== Task prompt ==
Nothing but a number should be given: the count of lines in the data that include the string "BERLINA".

== Listed entries ==
▶

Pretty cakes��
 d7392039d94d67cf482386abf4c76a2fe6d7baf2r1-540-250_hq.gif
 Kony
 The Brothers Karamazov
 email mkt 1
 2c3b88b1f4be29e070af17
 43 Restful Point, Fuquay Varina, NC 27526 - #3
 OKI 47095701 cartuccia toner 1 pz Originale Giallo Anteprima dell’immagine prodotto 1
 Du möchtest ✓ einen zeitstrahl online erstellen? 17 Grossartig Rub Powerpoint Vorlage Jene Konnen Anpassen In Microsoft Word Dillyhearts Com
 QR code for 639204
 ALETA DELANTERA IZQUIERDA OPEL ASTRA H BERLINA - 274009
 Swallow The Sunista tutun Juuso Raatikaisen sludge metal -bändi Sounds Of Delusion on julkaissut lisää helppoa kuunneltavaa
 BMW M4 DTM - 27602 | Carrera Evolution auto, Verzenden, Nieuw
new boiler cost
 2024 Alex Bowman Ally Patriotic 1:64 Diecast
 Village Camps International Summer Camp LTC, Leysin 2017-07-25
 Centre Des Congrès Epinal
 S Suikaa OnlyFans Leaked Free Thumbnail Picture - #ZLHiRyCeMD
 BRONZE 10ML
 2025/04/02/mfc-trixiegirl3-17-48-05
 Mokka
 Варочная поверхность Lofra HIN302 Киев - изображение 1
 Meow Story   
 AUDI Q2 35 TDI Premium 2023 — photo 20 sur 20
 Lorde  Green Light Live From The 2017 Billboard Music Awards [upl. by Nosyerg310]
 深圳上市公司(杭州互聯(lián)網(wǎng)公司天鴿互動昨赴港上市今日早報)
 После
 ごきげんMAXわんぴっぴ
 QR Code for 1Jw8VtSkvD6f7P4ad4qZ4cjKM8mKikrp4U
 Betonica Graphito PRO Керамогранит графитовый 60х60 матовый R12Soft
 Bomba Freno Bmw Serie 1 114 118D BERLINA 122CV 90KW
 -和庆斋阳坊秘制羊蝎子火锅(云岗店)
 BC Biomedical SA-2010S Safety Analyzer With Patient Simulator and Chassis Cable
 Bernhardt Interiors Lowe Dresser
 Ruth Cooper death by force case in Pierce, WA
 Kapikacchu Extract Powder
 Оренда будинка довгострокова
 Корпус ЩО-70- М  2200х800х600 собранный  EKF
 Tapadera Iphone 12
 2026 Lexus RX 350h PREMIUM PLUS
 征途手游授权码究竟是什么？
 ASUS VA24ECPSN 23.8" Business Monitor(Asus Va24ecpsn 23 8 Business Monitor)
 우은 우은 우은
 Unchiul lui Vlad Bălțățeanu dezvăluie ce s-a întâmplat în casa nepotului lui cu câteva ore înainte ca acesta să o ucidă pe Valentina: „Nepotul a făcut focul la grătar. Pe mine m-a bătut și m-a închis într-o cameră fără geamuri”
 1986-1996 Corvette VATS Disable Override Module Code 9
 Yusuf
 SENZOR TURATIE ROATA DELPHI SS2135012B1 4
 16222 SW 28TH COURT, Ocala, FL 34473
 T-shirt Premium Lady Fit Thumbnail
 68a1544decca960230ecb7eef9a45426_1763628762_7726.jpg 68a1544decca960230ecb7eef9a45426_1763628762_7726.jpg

◀

== Result for this task ==
2